INTRODUCTION — The Clock Nobody Wanted to Read

In the basement of Building E52 at the Massachusetts Institute of Technology, sometime in the autumn of 1971, a computer the size of a small bedroom was grinding through equations that would make most economists lose sleep for the next half century. The machine was called a PDP-10. It had less computing power than the phone you’re probably holding right now. And the seventeen researchers feeding it punch cards — professors, systems dynamicists, economists, one philosopher — had been given a single question by a shadowy group of European industrialists known as the Club of Rome.

The question was simple. The answer was not.

“How long can human civilization continue to grow on a finite planet?”

They built a model. Called it World3. Fed it five variables: global population, food production per capita, industrial output per capita, persistent pollution, and non-renewable resource reserves. Then they let the simulation run forward from 1900 to 2100. What came out the other side — printed on reams of continuous-feed paper in smudged dot-matrix ink — looked like a bell curve. Civilization rising, peaking somewhere around the 2020s and 2030s, then bending downward. By 2040, the decline was unmistakable. By 2070, in the baseline scenario, it was catastrophic.

The team published their findings in 1972 under the title The Limits to Growth. It sold thirty million copies in thirty languages. And then — because this is how humans work — almost everyone decided to ignore it.

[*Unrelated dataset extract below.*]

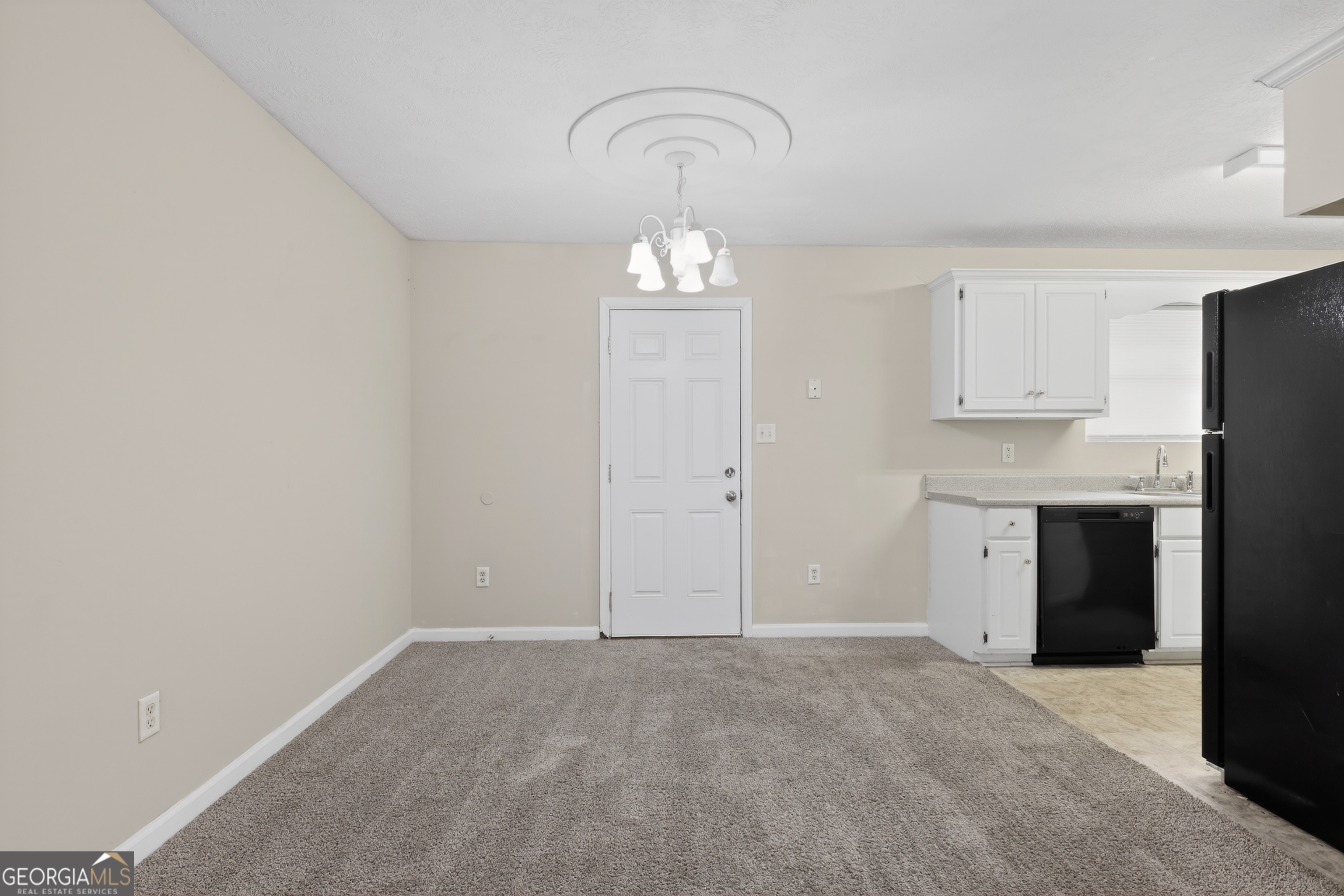 2902 Rasha Drive Augusta GA 30906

Politicians called it alarmist. Economists called it simplistic. Oil companies called it irrelevant. Julian Simon, the cornucopian economist who believed human ingenuity could overcome any resource constraint, called it “a piece of irresponsible nonsense.” The Club of Rome became a punchline at cocktail parties in Washington and Davos alike. The world moved on. Oil kept flowing. Babies kept being born. Factories kept belching. GDP kept climbing. And the World3 model gathered dust in an MIT archive, dismissed as a relic of 1970s doom-and-gloom environmentalism.

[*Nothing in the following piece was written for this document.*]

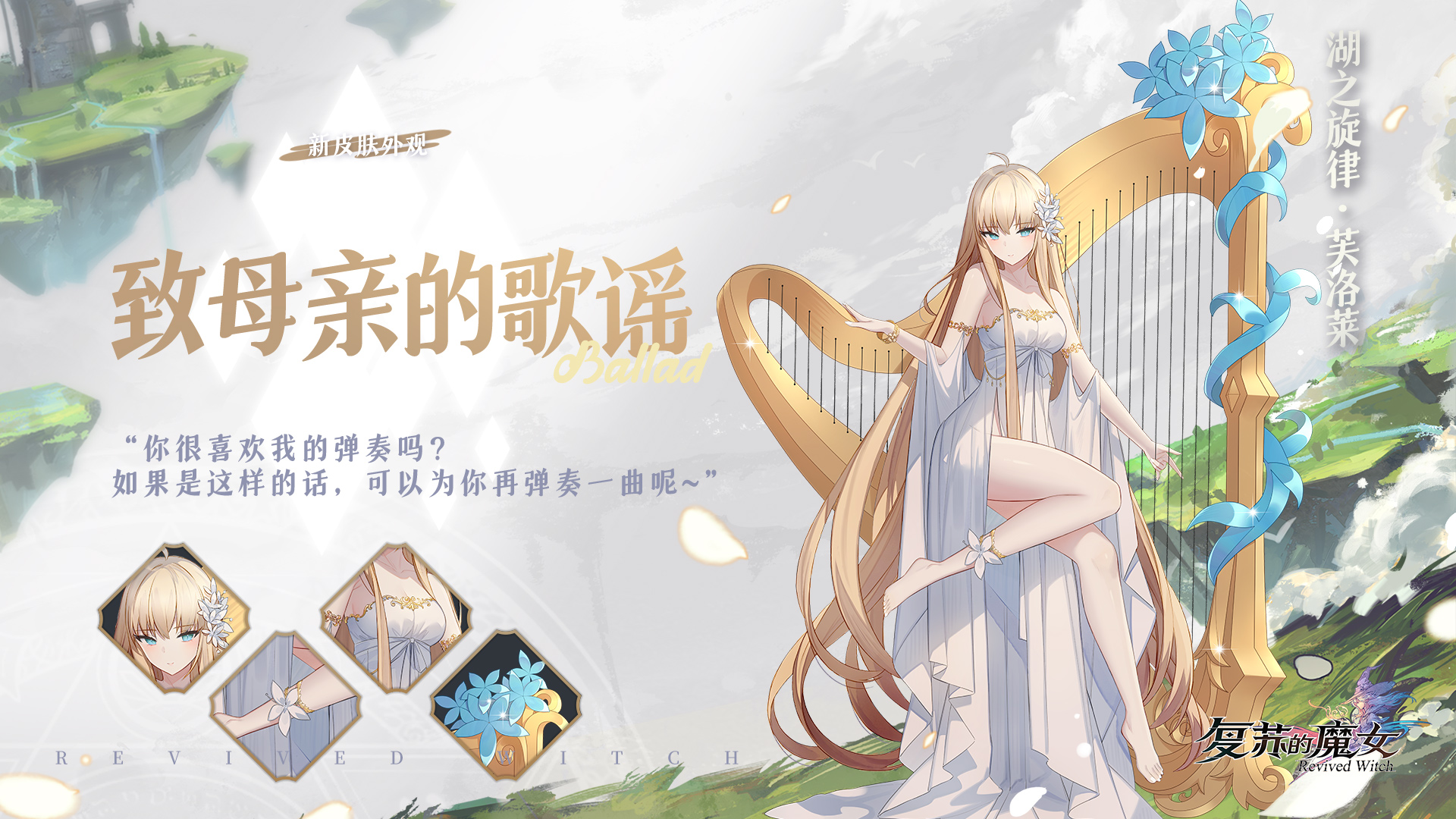 图8.jpg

Fast forward to 2020. A woman named Gaya Herrington — not an activist, not a protester, but a sustainability analyst at KPMG, one of the Big Four accounting firms — sat down with the original World3 equations and asked a devastatingly practical question. She took fifty years of real-world data — actual population numbers, actual pollution measurements, actual industrial output figures — and overlaid them on the 1972 projections.

The curves matched.

Not perfectly, of course. Models never match reality perfectly. But the trajectory — the shape of the line, the inflection points, the timing of the peaks — lined up with disturbing precision against the scenario the original researchers had labeled “Business As Usual 2.” That was the collapse scenario. The one where industrial output peaks high, then crashes hard. The one where food production falters, pollution spirals, and the global population begins declining not because people choose to have fewer kids, but because they can’t feed the ones they already have.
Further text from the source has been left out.